Date: October 2, 1920
Location: Worcester, MA
Context: Coolidge speaks to the duties of citizenship and the particular duties of those who choose to become police officers. This speech took place a year after the violent Boston Police Strike.
(Original document available here)
Society rests on mutual obligations. We Americans talk a great deal about the “rights of men.” We talk all too little about the duties of man. It may not appear so pleasant a topic for discussion but it is none the less important for it is perfectly apparent that one man’s rights are another man’s duties. Unless duties are observed there can be no enjoyment of rights. There can be no freedom without corresponding restraint. This is no condition made or imposed by men, it is the result of the condition made or imposed by men, put in legal terms it is the constitution of the universe. Man cannot change it. His nature requires that he observe it or perish.
The duties which are required of men depend on their free choice. That choice is exercised by the adoption of a profession. It makes a great deal of difference what that profession is as to what duties are required. For a day laborer voluntarily to take a nap during the time of his employment the result would be loss of time. For a locomotive engineer to do the same thing the result would be manslaughter. We do not give the same treatment to men who have chosen different professions. Their duties are different, their rewards are different, their punishments are different. Yet they chose to have it so.
The duties which a police officer owes to the state are of a most exacting nature. No one is compelled to choose the profession of a police officer, but having chosen it, everyone is obliged to perform its duties and live up to the standard of requirements. To join in that high enterprise means the surrender of much individual freedom.
A policeman is the first line of public defence. His obligations follow those of a soldier. The chief one is submission to discipline. The rules and regulations of the department must be obeyed. There must be intelligence and courage and a firm loyalty to the force. The police officer has chosen a profession that he must hold to at all peril. He is the outpost of civilization. He cannot depart from it until he is relieved. A great and honorable duty, to be greatly and honorably fulfilled.
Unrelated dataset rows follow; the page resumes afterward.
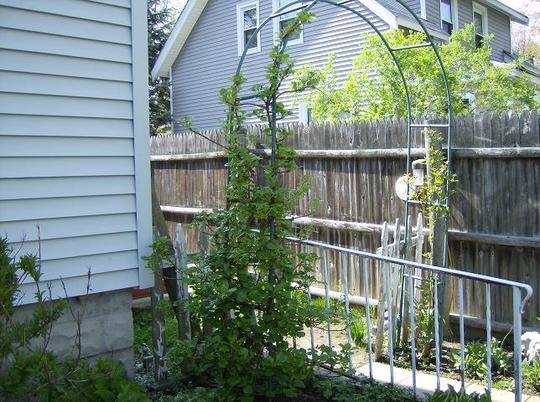 Climbing Hydrangea - Full View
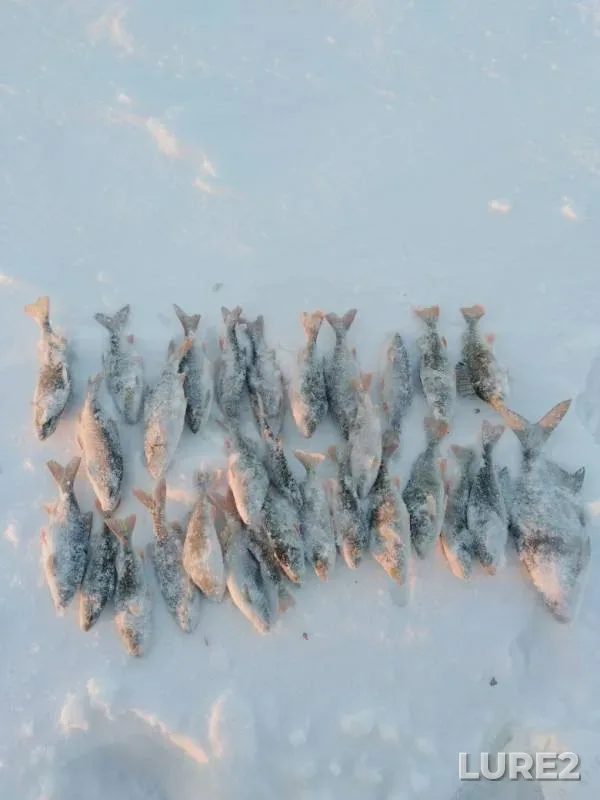 Bream, Perch — Volchikhinskoye, Jan 23, 2019
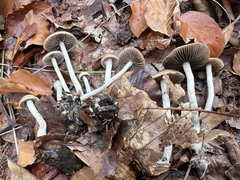 Psilocybe serbica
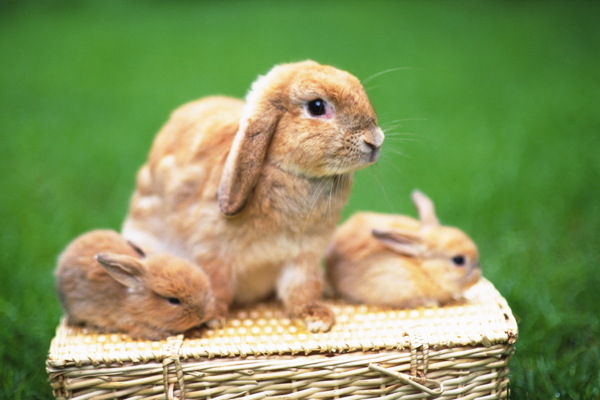 動物動物剪影動物圖片動物世界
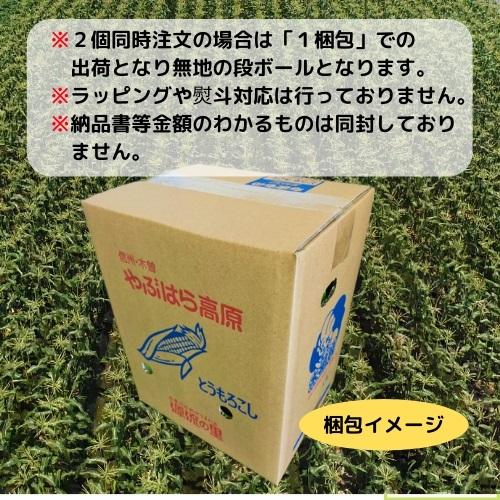 【販売終了】平均糖度約18度以上 信州 長野県 木祖村産 高原フルーツ とうもろこし 3kg以上（8本程度）大物 トウモロコシ ゴールドラッシュ |  | 05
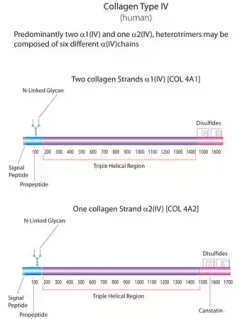 Коллаген IV типа из плаценты человека, порошок, BioReagent, для клеточных культур
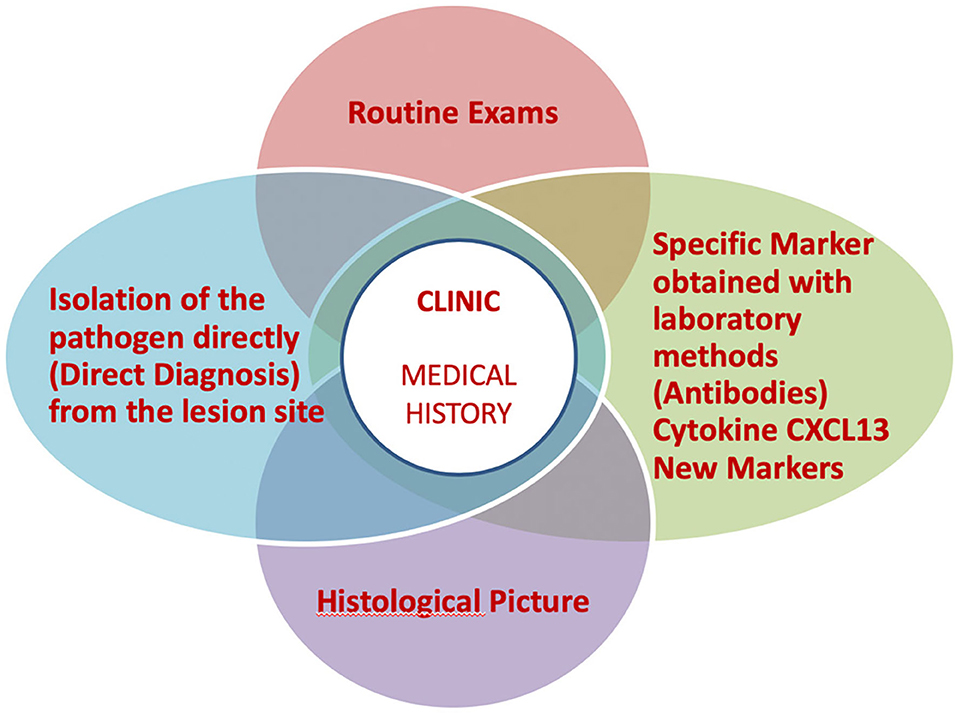 zakdoek kubiek Grafiek Frontiers | A Practical Approach to the Diagnosis of Lyme Borreliosis: From  Clinical Heterogeneity to Laboratory Methods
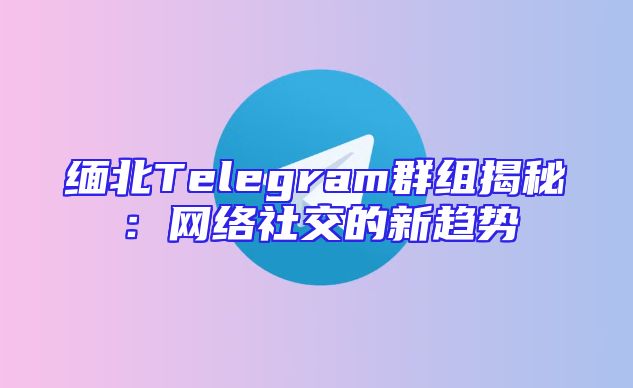 缅北Telegram群组揭秘：网络社交的新趋势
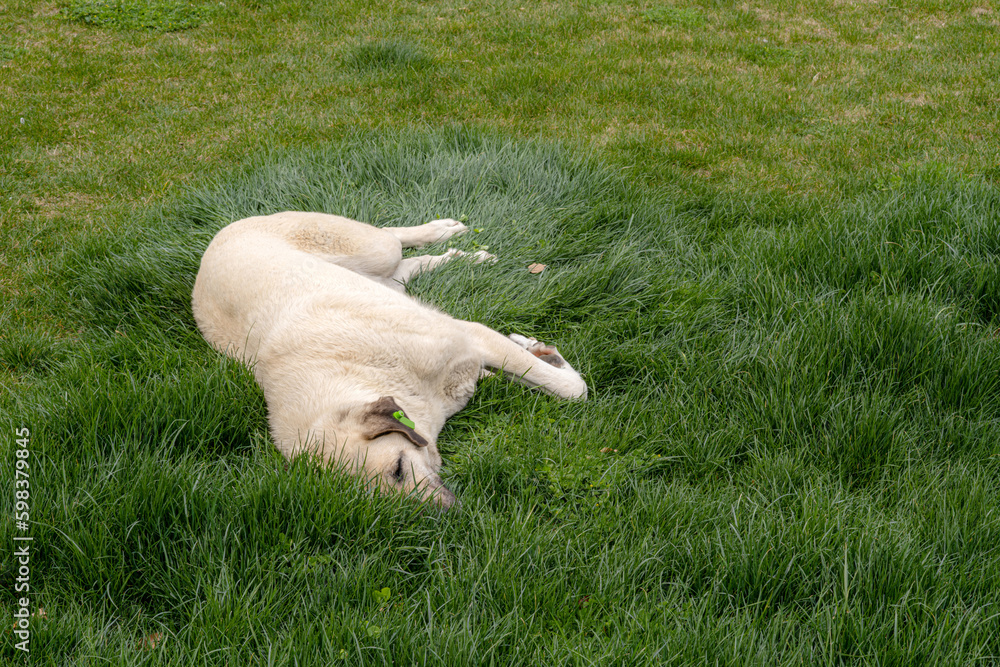 The dog lies on green grass. A golden retriever lying in a grassy field. Its domestic pet mammal presence brings warmth and comfort to the scene. The dog lies on green grass. A golden retriever lying in a grassy field. Its domestic pet mammal presence brings warmth and comfort to the scene.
But there is toward the officer a corresponding duty of the state. It owes him generous compensation for the perils he endures for the protection of society. It owes him the knowledge of security that is to be his from want in his declining years. It owes him that measure of respect which is due to the great importance of the duties he discharges. Perhaps I have indicated why we have police. It is fundamentally to provide for the observance of the law. This is the whole measure of civilization. Where the law goes there civilization goes and stays. When the law fails barbarism flourishes. Whoever scouts the law, whoever brings it into disrespect, whoever connives at its evasion is an enemy of civilization. Change it if you will, that is to abide by it, but observe it always. That is government. And government is no less government because it is self-imposed. The “majesty of the law” is no idle phrase for it imparts sovereignty to him who observes it and servitude to him who violates it. The policeman is the outward symbol of the law.